Business

Warsh’s first Fed meeting puts rate uncertainty back in focus

The Fed held rates steady as Kevin Warsh signaled less guidance, with a rare split underscoring uncertainty over future cuts.

Sofia Marchetti

By Sofia Marchetti · World Affairs Correspondent

3 min read

Warsh’s first Fed meeting puts rate uncertainty back in focus
Photo: Fortune

The Federal Reserve kept its benchmark interest rate unchanged at Kevin Warsh’s first meeting as chair, Fortune reported. For executives planning borrowing, deals or investment, the larger signal was that the central bank may offer less advance direction than it did under Jerome Powell.

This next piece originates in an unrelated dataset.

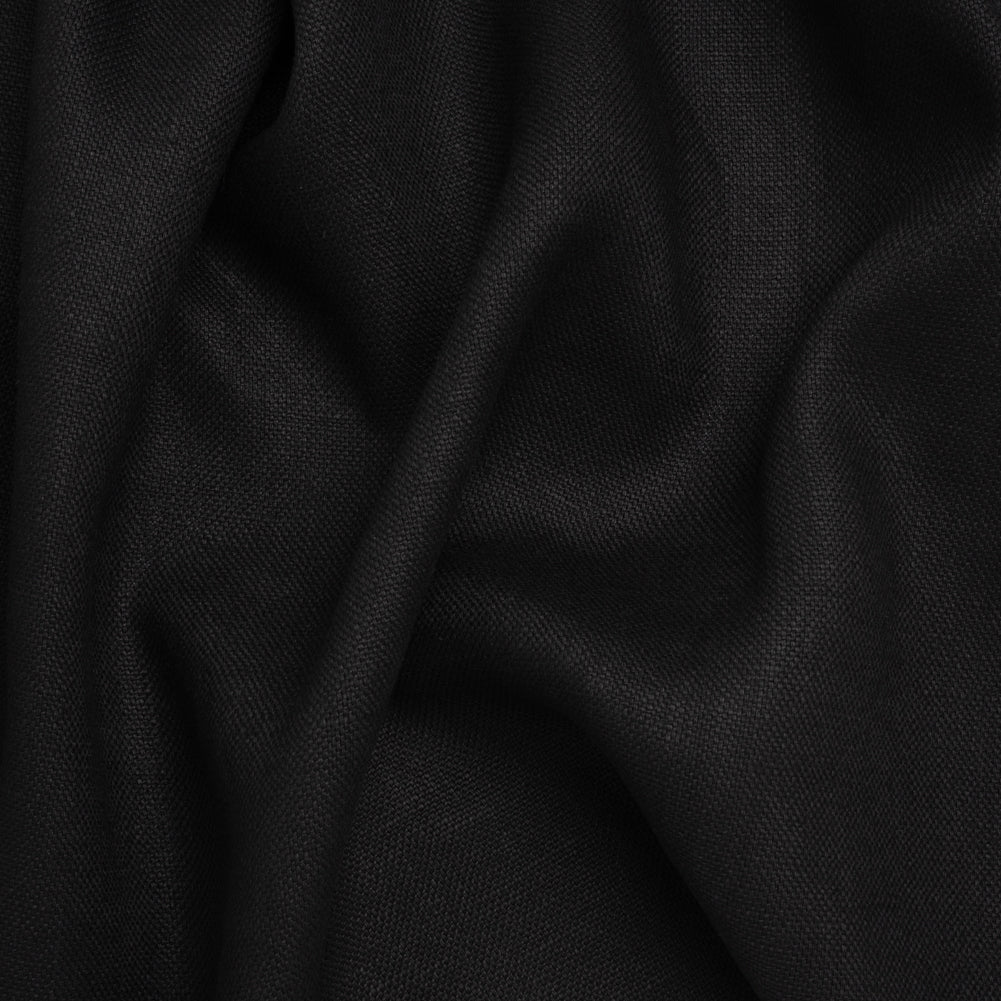 Linen Basketweave - Black - Famous Australian Designer Deadstock Linen Basketweave - Black - Famous Australian Designer Deadstock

Fortune’s Diane Brady wrote in CEO Daily that questions about the Fed were high on the list for business leaders gathered in Detroit ahead of the Fortune 500 Innovation Forum planned for Nov. 16 and 17. She said companies are weighing monetary policy alongside tariffs, energy costs, geopolitical tensions and artificial intelligence.

A split vote points to less clarity

Warsh has not yet established whether he will govern as a dove or a hawk, Brady wrote. Jon Hilsenrath, a longtime Fed watcher cited by Fortune, characterized Warsh’s first outing as hawkish.

Fortune reported that Warsh indicated he would be less inclined than Powell to signal the Fed’s next moves. That could leave companies with less visibility into the path of rates when they price debt, plan acquisitions or set capital budgets.

The Federal Open Market Committee also showed an unusually wide divide, according to Fortune. Four of the 12 votes dissented, the highest number since 1992.

Fortune reported that three regional Fed presidents — Beth Hammack, Neel Kashkari and Lorie Logan — opposed the committee statement because they objected to wording that pointed toward possible rate cuts. Fed Governor Stephen Miran dissented for the opposite reason, arguing that rates should be reduced.

Borrowing costs remain a concern

Brady wrote that companies should not assume borrowing costs will fall soon. Fortune noted that the 10-year Treasury yield was above 4.4%, while the Consumer Price Index reached 4.2% in May.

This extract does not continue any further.